*** Supplied entries Section Begins ***

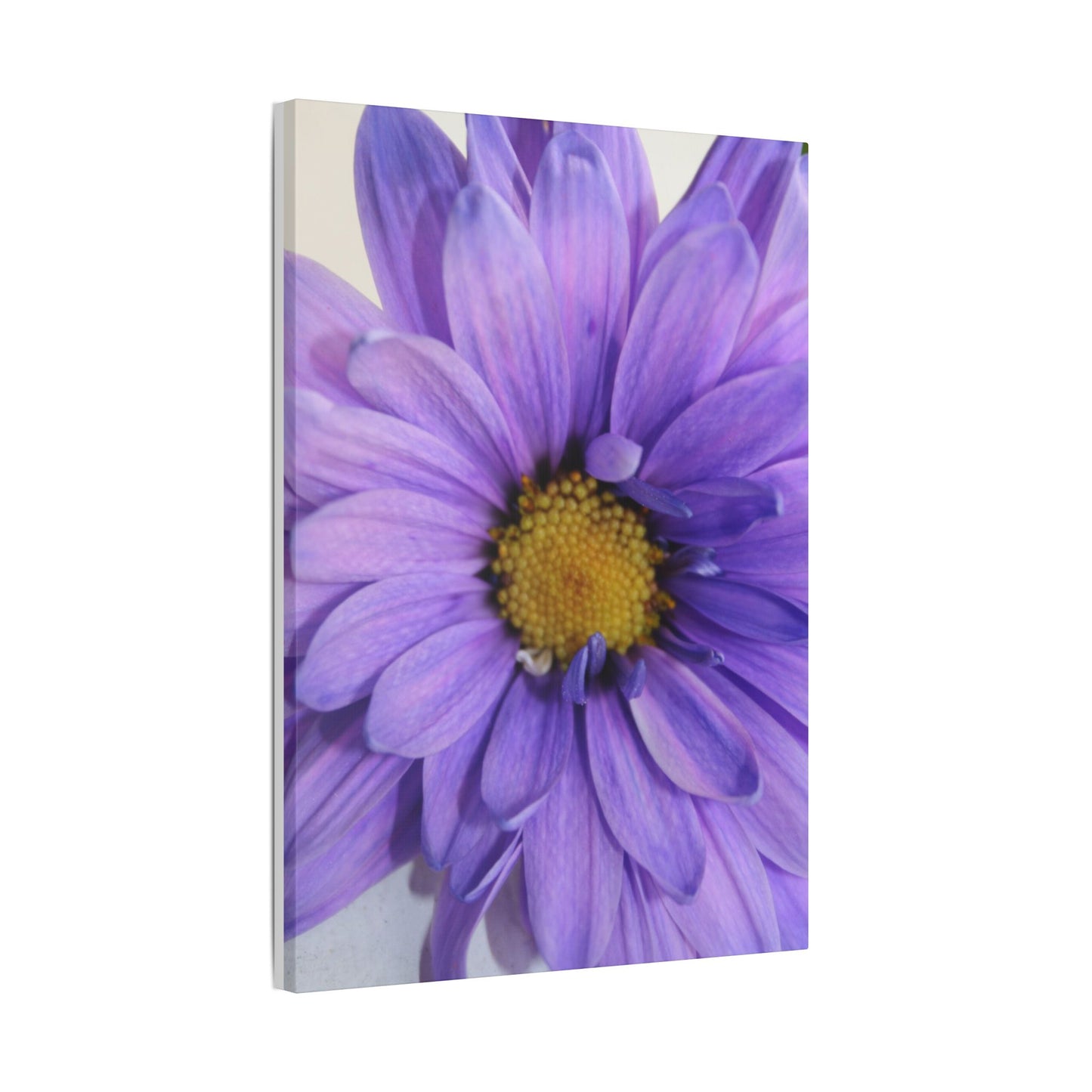 Classic Stretched Canvas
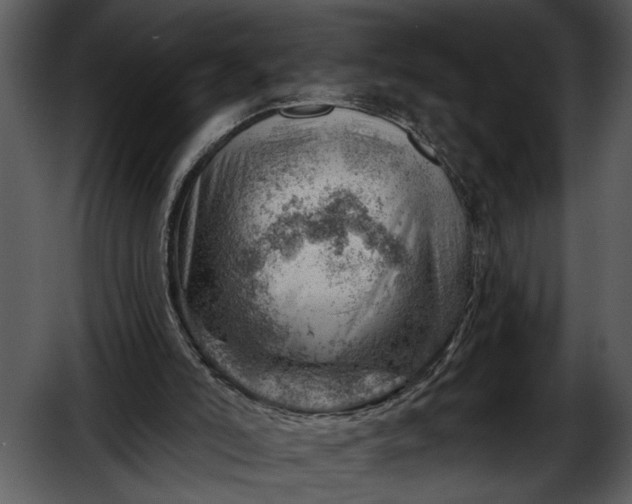 X0000052640006200507160209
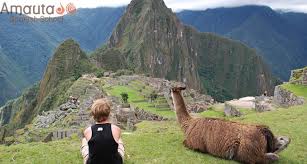 Bildergebnis für inca ruins
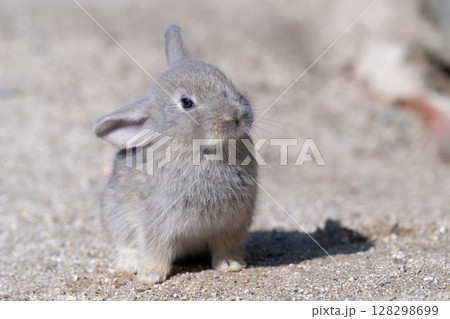首を振る大久野島の子うさぎ 128298699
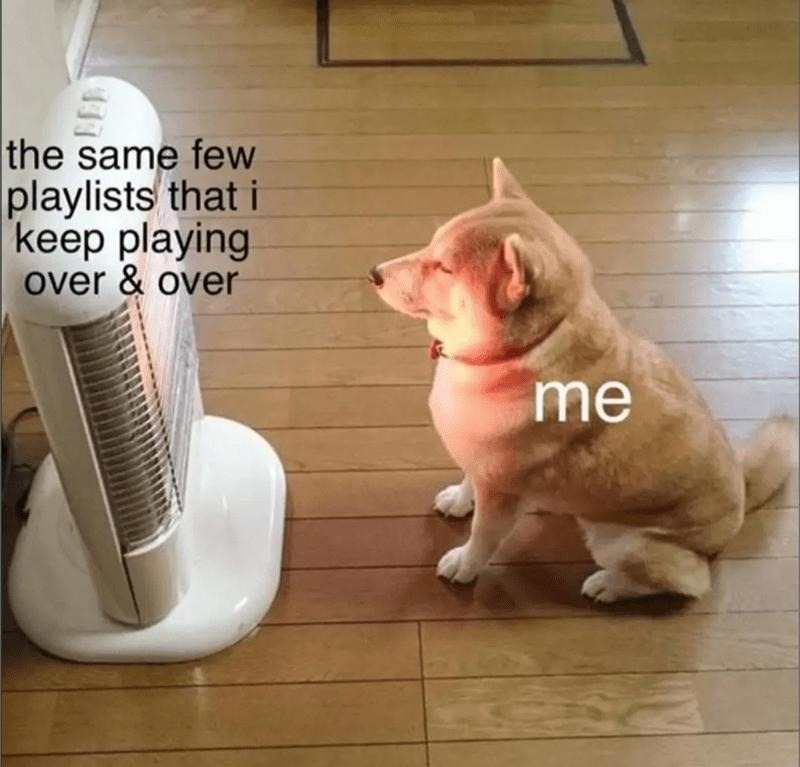 Playlist - meme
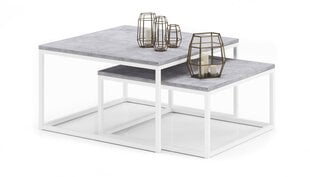 Kavos staliukų komplektas ADRK Furniture Kama, pilkas/baltas kaina ir informacija | Kavos staliukai | pigu.lt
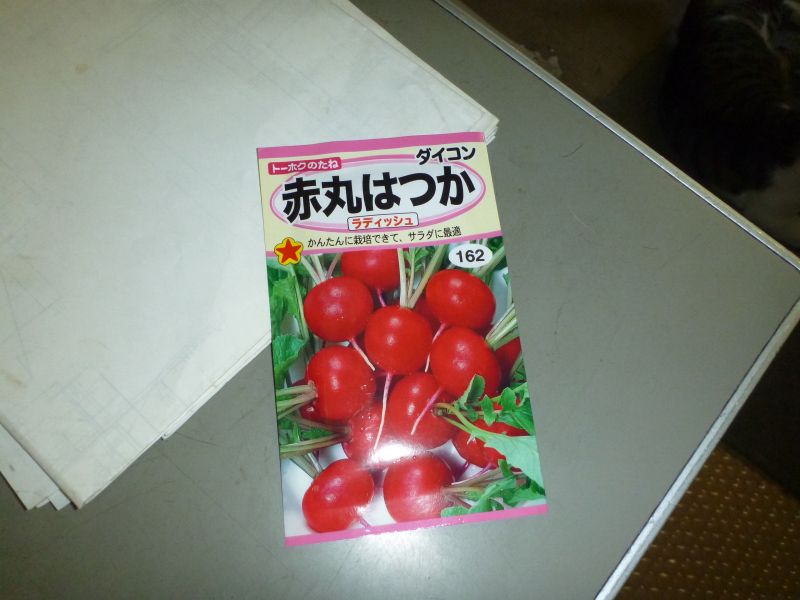 イメージ 6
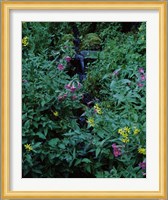 Castle Crest Wildflower Garden Trail, Munson Creek, Crater Lake National Park, Oregon Fine Art Print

*** Supplied entries Section Ends ***

### Exercise requirements
Where a picture appears in the data, omit it; restate the rest word for word.

### Solved exercise
 Classic Stretched Canvas
 X0000052640006200507160209
 Bildergebnis für inca ruins
首を振る大久野島の子うさぎ 128298699
 Playlist - meme
 Kavos staliukų komplektas ADRK Furniture Kama, pilkas/baltas kaina ir informacija | Kavos staliukai | pigu.lt
 イメージ 6
 Castle Crest Wildflower Garden Trail, Munson Creek, Crater Lake National Park, Oregon Fine Art Print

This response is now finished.